Reproduce the data, keeping every word exactly as it is.

● **Source data**:
····················
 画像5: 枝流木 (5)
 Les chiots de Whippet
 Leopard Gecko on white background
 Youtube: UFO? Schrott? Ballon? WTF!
····················
● **Task output**:
 画像5: 枝流木 (5)
 Les chiots de Whippet
 Leopard Gecko on white background
 Youtube: UFO? Schrott? Ballon? WTF!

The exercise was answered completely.